Présentez-le à quelqu’un qui peut changer sa trajectoire. Financez une partie de son travail. Offrez-lui une tribune. Ou passez simplement une heure à l’aider à réfléchir au mur contre lequel il se heurte. Choisissez une vraie personne, prenez une vraie action, et regardez ce que cela produit, non seulement pour elle, mais aussi pour votre propre sentiment de pourquoi vous dirigez.
Pendant l’été, je partagerai une compilation des conversations qui ont façonné cette saison, afin que vous puissiez revenir vers les bâtisseurs et les penseurs dont les idées méritent une seconde écoute.
L’avenir n’est pas quelque chose qui vous arrive
Pendant des années, j’ai observé l’avenir depuis une position d’échelle et d’influence, et je pensais que c’était la même chose que de le construire. Ce ne l’était pas. L’influence vous permet de commenter l’avenir avec un micro plus puissant. Construire l’avenir, c’est mettre votre conviction, votre réseau, et parfois votre argent derrière une personne précise qui essaie de le rendre réel.

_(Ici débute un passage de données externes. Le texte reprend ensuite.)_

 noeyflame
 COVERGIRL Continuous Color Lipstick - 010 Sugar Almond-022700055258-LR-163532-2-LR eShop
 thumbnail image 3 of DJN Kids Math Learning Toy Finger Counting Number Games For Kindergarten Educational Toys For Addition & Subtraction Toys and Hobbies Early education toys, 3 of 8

Les bâtisseurs de cathédrales n’ont jamais vu leurs cathédrales achevées. Ils ont posé des pierres pour un futur dont ils avaient confiance qu’il arriverait bien après eux. C’est la grandeur discrète que cette saison ne cesse de pointer. Non pas le leader le plus impressionnant de la pièce, mais celui dont la confiance devient la raison pour laquelle un avenir se construit.
Alors cet été, devenez bâtisseur, soutenez-en un, ou financez-en un. Mais ne vous contentez pas de regarder.
Faites en sorte que le prochain pas compte.